Liang is the author of China's first modern history on Chinese architecture and founder of the Architecture Department of Northeastern University in 1928 and Tsinghua University in 1946. He was the Chinese representative in the Design Board which designed the United Nations headquarters in New York City. He, along with Lin Huiyin, Mo Zongjiang (1916–1999), and Ji Yutang (1902–c. 1960s), discovered and analyzed the first and second oldest timber structures still standing in China, located at Nanchan Temple and Foguang Temple at Mount Wutai.
He is recognized as the “Father of Modern Chinese Architecture”. To cite Princeton University, which awarded him an honorary doctoral degree in 1947, he was “a creative architect who has also been a teacher of architectural history, a pioneer in historical research and exploration in Chinese architecture and planning, and a leader in the restoration and preservation of the priceless monuments of his country.”
Early life
Liang Sicheng was born on April 20, 1901 in Tokyo, Japan, where his father Liang Qichao was in exile from China after the failed Hundred Days' Reform. During the waning years of the Qing Dynasty, China’s last Imperial dynasty, the empire endured a series of foreign invasions and vicious domestic struggles, beginning with the first Opium War in 1840. Foreign powers soon divided China into spheres of influence, while the weak and corrupt Qing Dynasty could do little to stop them. In 1898 the Guangxu Emperor, led by his circle of advisers, attempted to introduce drastic reforms to stem the decay and bring China onto the path to modernity. Liang Qichao, a well-educated and energetic man, was a leader of this movement. However, in the face of opposition from conservatives in the Qing court, the movement failed. The Empress Dowager Cixi, the emperor's adoptive mother and the power behind the throne, imprisoned the emperor, and executed many of the movement's leaders. Liang Qichao took refuge in Japan, where his eldest son was born.
After the Qing Dynasty was overthrown in 1911, Liang Qichao, Liang Sicheng's father, returned to China from his exile in Japan. He briefly served in the government of the newly established Republic, which was unfortunately taken over by a faction of warlords in Northern China (the "Beiyang" clique, meaning Northern Ocean). Liang Qichao quit his government post and initiated a social and literary movement to introduce modern, Western thought to Chinese society.
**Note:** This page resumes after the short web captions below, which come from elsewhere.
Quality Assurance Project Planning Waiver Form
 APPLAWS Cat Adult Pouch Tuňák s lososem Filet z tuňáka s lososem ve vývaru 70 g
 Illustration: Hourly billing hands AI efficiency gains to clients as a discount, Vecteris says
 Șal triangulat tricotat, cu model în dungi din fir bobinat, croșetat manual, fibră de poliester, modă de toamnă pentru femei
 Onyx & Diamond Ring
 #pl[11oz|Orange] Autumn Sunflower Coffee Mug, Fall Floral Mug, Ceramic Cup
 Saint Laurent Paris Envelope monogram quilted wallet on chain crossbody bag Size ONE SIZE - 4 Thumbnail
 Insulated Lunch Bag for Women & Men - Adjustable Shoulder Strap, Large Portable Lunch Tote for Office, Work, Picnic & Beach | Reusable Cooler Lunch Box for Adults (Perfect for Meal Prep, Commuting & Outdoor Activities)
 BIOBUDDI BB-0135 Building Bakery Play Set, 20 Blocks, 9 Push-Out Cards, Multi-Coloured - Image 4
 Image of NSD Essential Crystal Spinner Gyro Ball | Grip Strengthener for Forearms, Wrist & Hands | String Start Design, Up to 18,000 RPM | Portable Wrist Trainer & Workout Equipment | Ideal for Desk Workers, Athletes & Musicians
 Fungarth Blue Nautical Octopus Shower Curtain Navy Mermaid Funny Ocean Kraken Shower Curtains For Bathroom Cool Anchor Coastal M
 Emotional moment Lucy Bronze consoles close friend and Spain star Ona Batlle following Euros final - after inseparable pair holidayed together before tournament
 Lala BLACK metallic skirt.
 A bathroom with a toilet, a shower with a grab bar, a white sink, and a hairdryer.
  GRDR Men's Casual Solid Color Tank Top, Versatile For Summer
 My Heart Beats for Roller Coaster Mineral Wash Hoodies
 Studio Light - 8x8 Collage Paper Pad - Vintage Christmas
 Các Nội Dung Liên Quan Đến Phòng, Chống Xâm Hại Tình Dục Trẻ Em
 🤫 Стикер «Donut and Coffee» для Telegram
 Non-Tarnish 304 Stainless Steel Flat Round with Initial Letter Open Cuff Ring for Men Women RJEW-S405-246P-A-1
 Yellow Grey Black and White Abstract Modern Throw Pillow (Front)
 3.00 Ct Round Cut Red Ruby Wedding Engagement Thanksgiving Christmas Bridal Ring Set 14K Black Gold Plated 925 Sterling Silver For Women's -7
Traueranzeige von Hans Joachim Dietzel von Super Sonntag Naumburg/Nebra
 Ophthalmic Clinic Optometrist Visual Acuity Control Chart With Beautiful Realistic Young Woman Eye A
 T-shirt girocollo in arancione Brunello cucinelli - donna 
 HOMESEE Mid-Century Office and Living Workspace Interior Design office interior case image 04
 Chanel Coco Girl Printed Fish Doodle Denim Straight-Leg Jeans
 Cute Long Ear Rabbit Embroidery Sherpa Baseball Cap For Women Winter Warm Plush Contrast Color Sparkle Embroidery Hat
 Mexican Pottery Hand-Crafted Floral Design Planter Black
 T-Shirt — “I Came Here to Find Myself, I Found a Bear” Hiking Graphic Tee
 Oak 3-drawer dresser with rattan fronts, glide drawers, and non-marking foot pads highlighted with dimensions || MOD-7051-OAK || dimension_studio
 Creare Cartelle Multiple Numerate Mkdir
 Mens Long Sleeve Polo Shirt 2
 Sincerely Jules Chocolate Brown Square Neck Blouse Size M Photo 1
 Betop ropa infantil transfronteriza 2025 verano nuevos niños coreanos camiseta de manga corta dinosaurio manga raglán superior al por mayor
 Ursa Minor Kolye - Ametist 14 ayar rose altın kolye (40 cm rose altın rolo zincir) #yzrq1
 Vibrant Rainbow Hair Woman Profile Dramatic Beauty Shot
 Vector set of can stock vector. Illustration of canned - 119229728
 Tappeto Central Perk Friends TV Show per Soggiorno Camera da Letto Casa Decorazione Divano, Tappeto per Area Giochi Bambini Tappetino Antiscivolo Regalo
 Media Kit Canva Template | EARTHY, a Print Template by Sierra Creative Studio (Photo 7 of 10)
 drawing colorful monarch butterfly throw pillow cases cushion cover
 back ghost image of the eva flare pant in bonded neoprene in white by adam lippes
Liang Sicheng was educated by his father in this progressive environment. In 1915, Liang entered Tsinghua College, a preparatory school in Beijing. (This college later became Tsinghua University, now among the best universities in China.) In 1924, he and Lin went to University of Pennsylvania funded by Boxer Rebellion Indemnity Scholarship to study architecture under Paul Cret. Three years later, Liang received his master's degree in architecture. He greatly benefited from his education in America, which also prepared him for his future career as a scholar and professor in China.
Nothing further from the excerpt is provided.